The term Puritan began as an insult, and its recipients usually referred to each other as “the godly” if they used a specific term at all. Puritans believed that the Church of England did not distance itself far enough from Catholicism after Henry VIII broke with Rome in the 1530s. They largely agreed with European Calvinists—followers of theologian Jean Calvin—on matters of religious doctrine. Calvinists (and Puritans) believed that mankind was redeemed by God’s Grace alone, and that the fate of an individual’s immortal soul was predestined. The happy minority God had already chosen to save were known among English Puritans as the Elect. Calvinists also argued that the decoration or churches, reliance on ornate ceremony, and (they argued) corrupt priesthood obscured God’s message. They believed that reading the Bible promised the best way to understand God.
Puritans were stereotyped by their enemies as dour killjoys, and the exaggeration has endured. It is certainly true that the Puritans’ disdain for excess and opposition to many holidays popular in Europe (including Christmas, which, as Puritans never tired of reminding everyone, the Bible never told anyone to celebrate) lent themselves to caricature. But Puritans understood themselves as advocating a reasonable middle path in a corrupt world. It would never occur to a Puritan, for example, to abstain from alcohol or sex.
During the first century after the English Reformation (c.1530-1630) Puritans sought to “purify” the Church of England of all practices that smacked of Catholicism, advocating a simpler worship service, the abolition of ornate churches, and other reforms. They had some success in pushing the Church of England in a more Calvinist direction, but with the coronation of King Charles I (r. 1625-1649), the Puritans gained an implacable foe that cast English Puritans as excessive and dangerous. Facing growing persecution, the Puritans began the Great Migration, during which about 20,000 people traveled to New England between 1630 and 1640. The Puritans (unlike the small band of separatist “Pilgrims” who founded Plymouth Colony in 1620) remained committed to reforming the Church of England, but temporarily decamped to North America to accomplish this task.
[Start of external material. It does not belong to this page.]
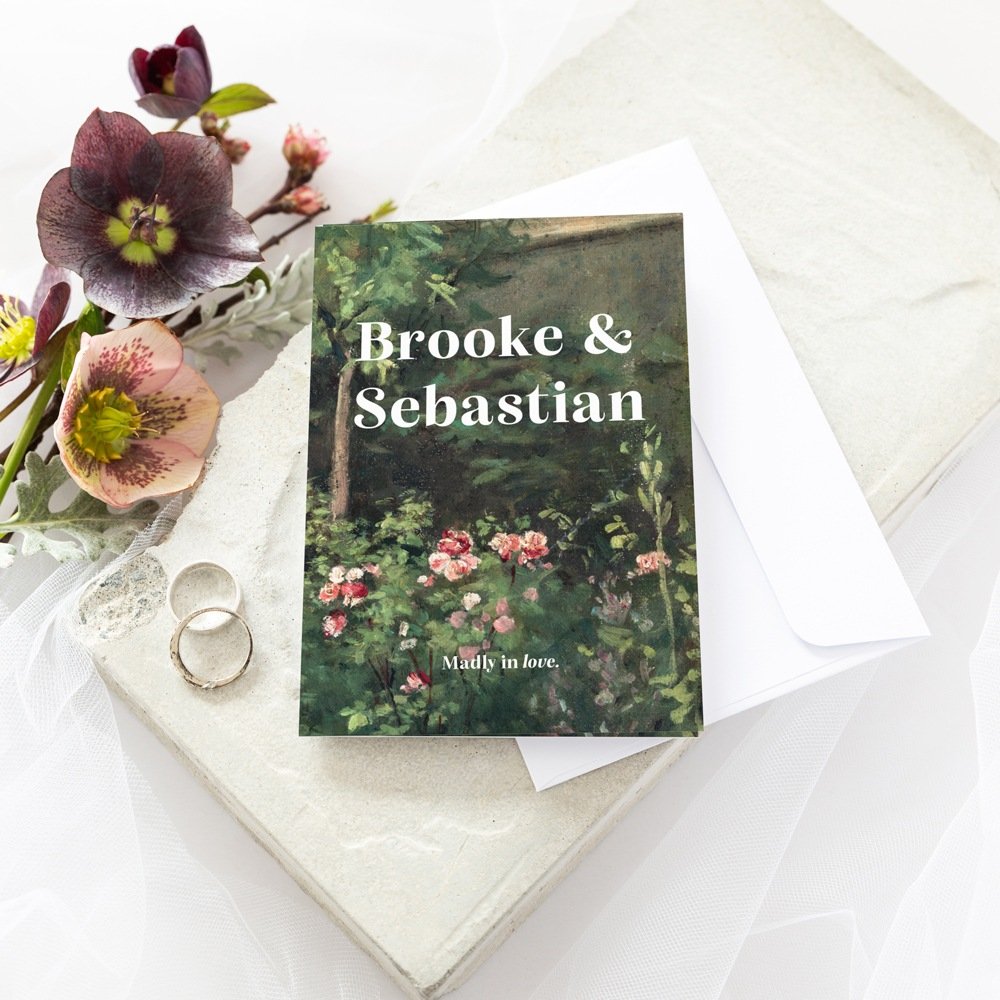 wedding invitation with deer antlers next to white ribbon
Leaders like John Winthrop insisted they were not separating from, or abandoning, England, but were rather forming a godly community in America, that would be a “City on a Hill” and an example for reformers back home.12 The Puritans did not seek to create a haven of religious toleration, a notion that they—along with nearly all European Christians—regarded as ridiculous at best, and dangerous at worst.
While the Puritans did not succeed in building a godly utopia in New England, a combination of Puritan traits with several external factors created colonies wildly different from any other region settled by English people. Unlike those heading to Virginia, colonists in New England (Plymouth [1620], Massachusetts Bay [1630], Connecticut [1636], and Rhode Island [1636]) generally arrived in family groups. The majority of New England immigrants were small landholders in England, a class contemporary English called the “middling sort.” When they arrived in New England they tended to replicate their home environments, founding towns comprised of independent landholders. The New England climate and soil made large-scale plantation agriculture impractical, so the system of large landholders using masses of slaves or indentured servants to grow labor-intensive crops never took hold.
There is no evidence that the New England Puritans would have opposed such a system were it possible; other Puritans made their fortunes on the Caribbean sugar islands, and New England merchants profited as suppliers of provisions and slaves to those colonies. By accident of geography as much as by design, then, New England society was much less stratified than any of Britain’s other seventeenth-century colonies.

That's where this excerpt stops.